Es un texto curioso, porque las cinco palabras de la primera línea coinciden con las iniciales de don Víctor García de la Concha, actual director de la Real Academia Española y asiduo en las listas anuales de españoles más influyentes. V-G-D-L-C: Víctor García de la Concha. ¿Será una casualidad o un homenaje? Yo más bien me inclinaría por lo segundo, entre otras cosas porque huele a frase de pie forzado. En circunstancias normales, ¿no llevarían artículo determinado los sustantivos viñetas y grabados? Las otras siete líneas no encierran gato alguno hasta que uno repara en el mensaje que surge de un rico acróstico. La primera letra de la segunda línea es Y. La de la tercera D. La de la cuarta I. La de la quinta O. Y así se va formando una palabra que en tiempos de Covarrubias designaba "al que teniendo obligación de saber, o latín o facultad, es falto e ignorante en ella". Si a ello le añadimos entera la última línea, el mensaje oculto en el colofón de la edición académica de El Quijote sería: "V. G. D. L. C., idiota de la Real Academia Española". Escribo sería y no es porque el astuto autor de tamaña agudeza ha utilizado, para curarse en salud, el método oulipiano del clinamen, que consiste en introducir una pequeña impureza en la regla. La sexta línea empieza por D (dispuesta) y no por T, para que en el acróstico leamos ydioda y no ydiota. Esto podría suscitarnos serias dudas interdentales de no ser por otro detalle; justo en esa misma línea aparece la única palabra entrecomillada del texto: "corregida". Corrijamos, pues, al pobre ydioda y colijamos que el apelativo dedicado al director de la RAE es, en efecto, ydiota.
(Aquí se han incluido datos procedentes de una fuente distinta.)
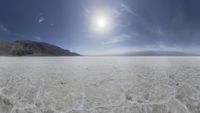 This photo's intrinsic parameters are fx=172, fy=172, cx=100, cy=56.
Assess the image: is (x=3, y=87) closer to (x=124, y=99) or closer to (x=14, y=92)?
(x=14, y=92)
¿Cómo reaccionará el aludido? ¿Retirarán la edición por una sutileza tan exquisita? No quiero ni pensar en la trascendencia mediática que hubiera tenido un acróstico que le llamara idiota al flamante presidente del Institut d´Estudis Catalans en el colofón de, pongamos, alguna edición conmemorativa de los cien años de Solitud, que también celebramos hogaño.